This week’s focus is to put what I have learned and brainstormed into practice and begin writing some lyrics. I only managed to put together one song, but I think it encapsulates everything I hoped it would be.
At first though, instead of being excited to write, I felt this sense of looming dread over me. I felt as though I had a foundation to stand on, but the action of putting words on paper was still so daunting. And then, I had a phone call with my partner which changed everything!

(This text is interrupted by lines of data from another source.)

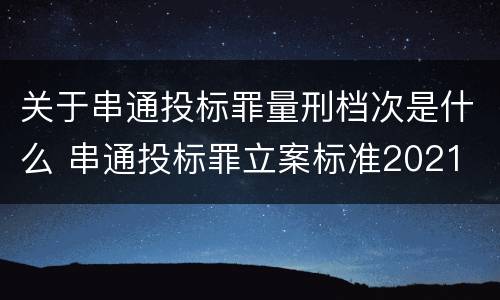 关于串通投标罪量刑档次是什么 串通投标罪立案标准2021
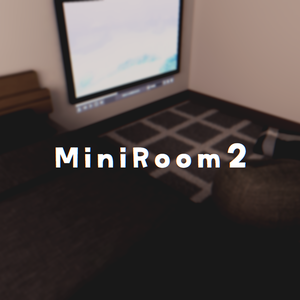 【VRChat想定】MiniRoom2【ワールドアセット】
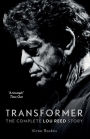 Transformer: The Complete Lou Reed Story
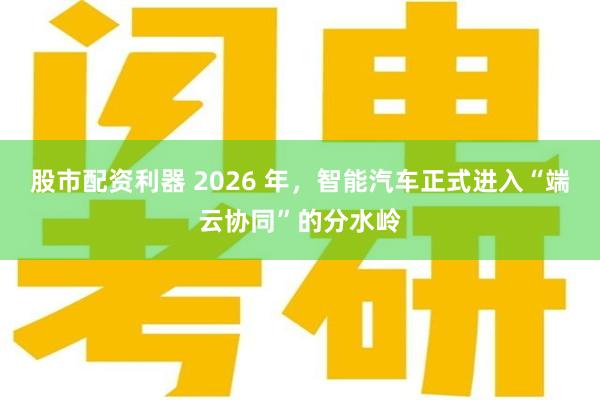 股市配资利器 2026 年，智能汽车正式进入“端云协同”的分水岭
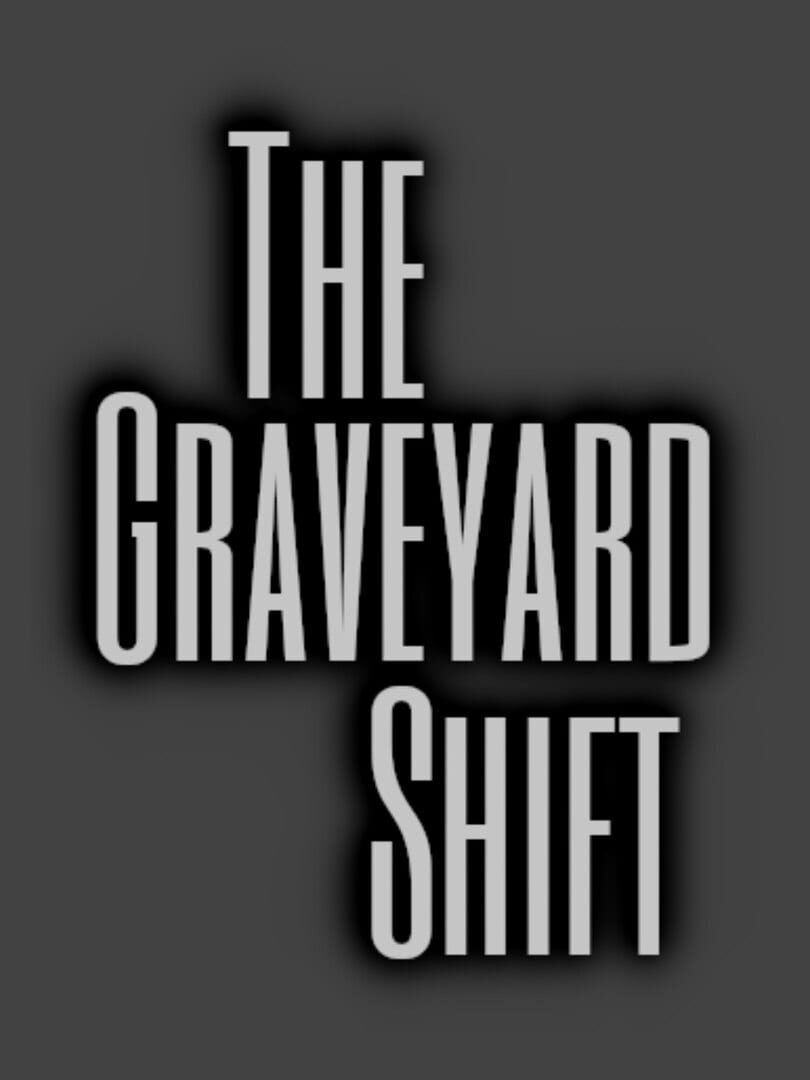 The Graveyard Shift (2022)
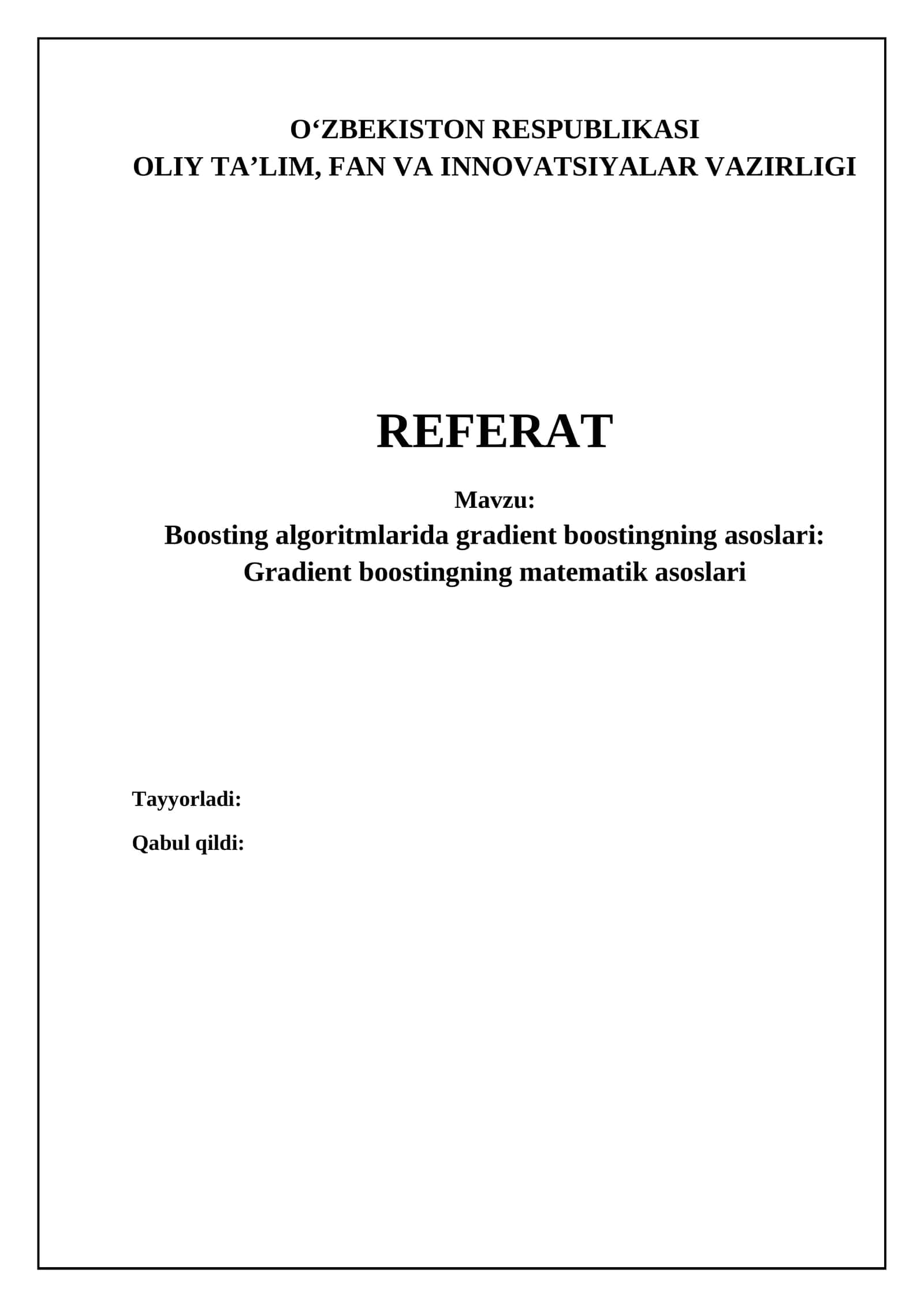 Boosting algoritmlarida gradient boostingning asoslari: Gradient boostingning matematik asoslari 1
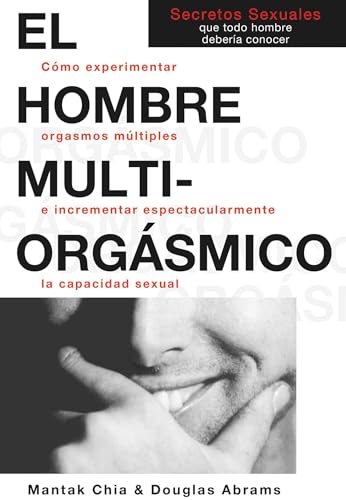 El hombre multiorgásmico : cómo experimentar orgasmos múltiples e incrementar espectacularmente la capacidad sexual (NeoPerson Sex) El hombre multiorgásmico : cómo experimentar orgasmos múltiples e incrementar espectacularmente la capacidad sexual (NeoPerson Sex) von Neo Person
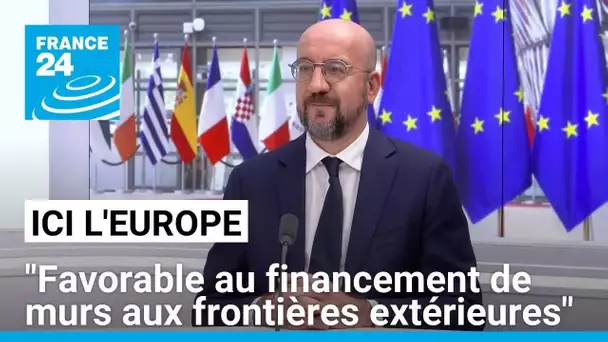 Charles Michel : "Je suis favorable au financement de murs aux frontières extérieures de l'UE"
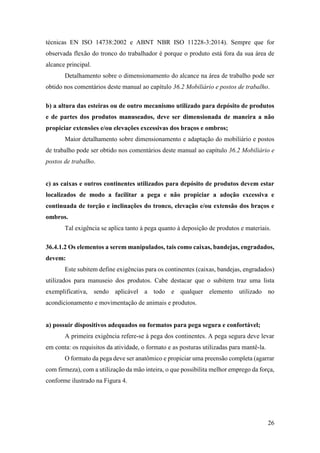26
técnicas EN ISO 14738:2002 e ABNT NBR ISO 11228-3:2014). Sempre que for
observada flexão do tronco do trabalhador é porque o produto está fora da sua área de
alcance principal.
Detalhamento sobre o dimensionamento do alcance na área de trabalho pode ser
obtido nos comentários deste manual ao capítulo 36.2 Mobiliário e postos de trabalho.
b) a altura das esteiras ou de outro mecanismo utilizado para depósito de produtos
e de partes dos produtos manuseados, deve ser dimensionada de maneira a não
propiciar extensões e/ou elevações excessivas dos braços e ombros;
Maior detalhamento sobre dimensionamento e adaptação do mobiliário e postos
de trabalho pode ser obtido nos comentários deste manual ao capítulo 36.2 Mobiliário e
postos de trabalho.
c) as caixas e outros continentes utilizados para depósito de produtos devem estar
localizados de modo a facilitar a pega e não propiciar a adoção excessiva e
continuada de torção e inclinações do tronco, elevação e/ou extensão dos braços e
ombros.
Tal exigência se aplica tanto à pega quanto à deposição de produtos e materiais.
36.4.1.2 Os elementos a serem manipulados, tais como caixas, bandejas, engradados,
devem:
Este subitem define exigências para os continentes (caixas, bandejas, engradados)
utilizados para manuseio dos produtos. Cabe destacar que o subitem traz uma lista
exemplificativa, sendo aplicável a todo e qualquer elemento utilizado no
acondicionamento e movimentação de animais e produtos.
a) possuir dispositivos adequados ou formatos para pega segura e confortável;
A primeira exigência refere-se à pega dos continentes. A pega segura deve levar
em conta: os requisitos da atividade, o formato e as posturas utilizadas para mantê-la.
O formato da pega deve ser anatômico e propiciar uma preensão completa (agarrar
com firmeza), com a utilização da mão inteira, o que possibilita melhor emprego da força,
conforme ilustrado na Figura 4.
 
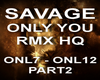 * Savage Only You RMX P2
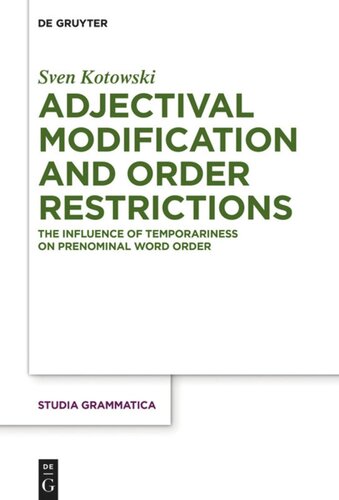 Adjectival Modification And Order Restrictions The Influence Of Temporariness On Prenominal Word Order Sven Kotowski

Him and I typically call a few times a week; he is away from Victoria right now until January helping his family though a difficult time. During these calls, we often tell stories about the day, and take some time to unpack anything that is troubling us from the week. I brought up my concerns about starting this song, and somehow that manifested into a conversation about how we are both over-thinkers, and sometimes even debate with ourselves in the shower. Then it hit me, that was the perfect introspective song topic.
I spent some time reflecting on some of the insane thoughts I have had, and also some of the more deep, thought provoking things. I don’t know yet how well all of this will translate to music, but I am happy with the skeleton framework I have so far.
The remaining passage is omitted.